John Francis Elton Watkins

Served in the Royal navy from 1940- 1949.

Born 20/09/1918
1939. Educated at University of Aberstwyth, Wales.
1940. Joined Royal navy as a Ordinary seaman.
1941. (January) Commissioned to Sub Lieutenant. Royal Naval reserve.
1943. Promoted to Lieutenant.
1946. Demobilised.
1949. Rejoined and graduated B.Sc (Agric) June 1952.

War Duties: Gunnery and executive Officer serving in various Cruisers including HMS Devonshire. Operating in the Atlantic, Arctic, Indian Ocean and Mediterranean.

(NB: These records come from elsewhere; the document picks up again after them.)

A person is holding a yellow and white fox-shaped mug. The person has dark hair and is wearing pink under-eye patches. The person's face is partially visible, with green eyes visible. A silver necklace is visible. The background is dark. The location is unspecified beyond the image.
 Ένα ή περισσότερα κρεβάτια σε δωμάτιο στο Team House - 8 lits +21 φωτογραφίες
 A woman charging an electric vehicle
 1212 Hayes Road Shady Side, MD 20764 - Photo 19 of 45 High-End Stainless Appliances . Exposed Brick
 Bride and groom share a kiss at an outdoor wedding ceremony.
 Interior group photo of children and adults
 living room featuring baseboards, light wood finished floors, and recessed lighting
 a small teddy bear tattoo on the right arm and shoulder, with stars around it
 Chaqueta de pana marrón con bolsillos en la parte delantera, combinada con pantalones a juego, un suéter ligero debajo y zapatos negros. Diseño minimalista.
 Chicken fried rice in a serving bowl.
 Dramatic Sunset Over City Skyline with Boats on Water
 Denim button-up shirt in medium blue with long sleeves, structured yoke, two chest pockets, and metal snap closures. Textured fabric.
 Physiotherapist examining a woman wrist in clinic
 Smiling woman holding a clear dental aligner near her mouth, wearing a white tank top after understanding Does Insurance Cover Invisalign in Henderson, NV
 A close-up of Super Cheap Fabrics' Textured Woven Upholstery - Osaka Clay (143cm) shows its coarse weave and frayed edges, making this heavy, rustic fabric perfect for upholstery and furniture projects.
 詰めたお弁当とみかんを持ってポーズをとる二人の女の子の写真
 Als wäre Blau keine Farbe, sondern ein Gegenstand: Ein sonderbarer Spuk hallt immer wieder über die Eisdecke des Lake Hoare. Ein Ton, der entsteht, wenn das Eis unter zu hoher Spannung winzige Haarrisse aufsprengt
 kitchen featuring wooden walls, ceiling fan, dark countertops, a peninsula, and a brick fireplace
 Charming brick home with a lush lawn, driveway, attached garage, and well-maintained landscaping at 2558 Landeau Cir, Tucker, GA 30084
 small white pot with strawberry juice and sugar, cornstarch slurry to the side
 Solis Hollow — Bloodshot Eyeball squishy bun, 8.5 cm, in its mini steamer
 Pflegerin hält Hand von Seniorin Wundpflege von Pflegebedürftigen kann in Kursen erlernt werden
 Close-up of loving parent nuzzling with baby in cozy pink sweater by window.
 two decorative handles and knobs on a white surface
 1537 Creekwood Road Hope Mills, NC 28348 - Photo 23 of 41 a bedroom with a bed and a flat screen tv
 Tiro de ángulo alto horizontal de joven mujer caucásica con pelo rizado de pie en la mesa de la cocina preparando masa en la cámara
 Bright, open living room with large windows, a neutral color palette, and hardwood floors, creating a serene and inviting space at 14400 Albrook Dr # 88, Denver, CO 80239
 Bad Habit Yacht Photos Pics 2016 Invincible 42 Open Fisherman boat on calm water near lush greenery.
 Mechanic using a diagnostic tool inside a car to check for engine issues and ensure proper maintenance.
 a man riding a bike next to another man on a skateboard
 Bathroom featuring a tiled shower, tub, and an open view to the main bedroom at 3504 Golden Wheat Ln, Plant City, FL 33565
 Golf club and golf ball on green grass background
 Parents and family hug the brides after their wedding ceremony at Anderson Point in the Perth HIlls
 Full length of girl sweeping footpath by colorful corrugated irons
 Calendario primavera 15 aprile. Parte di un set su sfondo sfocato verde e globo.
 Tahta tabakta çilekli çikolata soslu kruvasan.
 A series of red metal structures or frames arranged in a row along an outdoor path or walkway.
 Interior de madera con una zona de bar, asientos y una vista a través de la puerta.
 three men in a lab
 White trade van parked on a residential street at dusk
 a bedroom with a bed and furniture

During 1941 Devonshire operated in the South Atlantic where, on 22nd November, she intercepted and sank the disguised German raider Atlantis which had sunk or captured 22 Allied ships in as many months. In the following year Devonshire transferred to the Indian Ocean and took part in the amphibious operations against Madagascar. Later in the war she rejoined the Home Fleet and appropriately formed part of the escort which brought the exiled Norwegian government back to Oslo in May 1945.

HMS Devonshire, Ships Company

 Ships Company of HMS Devonshire. The exact date and locatinon is not known but could possibly be at the time of the repatriation of the King Of Norway or when he was taken from Norway to the UK. As it it looks as though the Royal Norwegian flag is flying from the mast head.

Crossin the Line


Crossing the Line Ceremony.

Possibly in the Indian Ocean.



At Reykjavik in Iceland.

 ”Nice day for stroll, ‘ol chap!”

Photo: J F Watkins, The Padre and a Canadian Engineer Officer



On the Mess Deck  HMS Devonshire 1942

In the Mess

Note the Rum Fanny hanging from the end of the mess table and the non slip area for the tot glasses!



Ships Chapel.

 Looks like this was situated in the bows of the ship. Note the bolted and probably  wealded up port hole! Maybe it is the stern end?


John Watkins at Norfolk Virginia. circa 1944.

Photo: Palomar Club. L to R,  Irvine,” Butch” Gill,  John W & “Butch” Hall.

“War, wot war“!!!! At last a time to relax.



Swimming in Reykjavik.

Where’s all the snow?



The Padre, Iceland

“OK! Who’s stole my ship?”


A shipmate

“If they train (turn) that eight inch gun now, I’m in trouble”!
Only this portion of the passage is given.